Excerpted records:
★ ★ ★ ★ ★

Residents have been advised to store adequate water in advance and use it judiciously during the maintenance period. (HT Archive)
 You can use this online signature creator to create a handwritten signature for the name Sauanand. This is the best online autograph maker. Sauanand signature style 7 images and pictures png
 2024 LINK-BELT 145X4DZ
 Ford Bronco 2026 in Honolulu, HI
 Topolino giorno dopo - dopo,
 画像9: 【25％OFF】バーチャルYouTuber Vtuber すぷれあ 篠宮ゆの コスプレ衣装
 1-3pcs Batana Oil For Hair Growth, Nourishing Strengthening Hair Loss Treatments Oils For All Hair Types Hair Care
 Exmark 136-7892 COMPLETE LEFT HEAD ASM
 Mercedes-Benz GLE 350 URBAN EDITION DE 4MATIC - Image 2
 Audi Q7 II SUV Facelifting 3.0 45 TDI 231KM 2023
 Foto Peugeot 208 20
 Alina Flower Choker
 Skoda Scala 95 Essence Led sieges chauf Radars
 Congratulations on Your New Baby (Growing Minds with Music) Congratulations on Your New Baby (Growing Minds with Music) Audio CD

★ ★ ★ ★ ★

Problem to work on: Could you transcribe the whole listing exactly?

Result:
Residents have been advised to store adequate water in advance and use it judiciously during the maintenance period. (HT Archive)
 You can use this online signature creator to create a handwritten signature for the name Sauanand. This is the best online autograph maker. Sauanand signature style 7 images and pictures png
 2024 LINK-BELT 145X4DZ
 Ford Bronco 2026 in Honolulu, HI
 Topolino giorno dopo - dopo,
 画像9: 【25％OFF】バーチャルYouTuber Vtuber すぷれあ 篠宮ゆの コスプレ衣装
 1-3pcs Batana Oil For Hair Growth, Nourishing Strengthening Hair Loss Treatments Oils For All Hair Types Hair Care
 Exmark 136-7892 COMPLETE LEFT HEAD ASM
 Mercedes-Benz GLE 350 URBAN EDITION DE 4MATIC - Image 2
 Audi Q7 II SUV Facelifting 3.0 45 TDI 231KM 2023
 Foto Peugeot 208 20
 Alina Flower Choker
 Skoda Scala 95 Essence Led sieges chauf Radars
 Congratulations on Your New Baby (Growing Minds with Music) Congratulations on Your New Baby (Growing Minds with Music) Audio CD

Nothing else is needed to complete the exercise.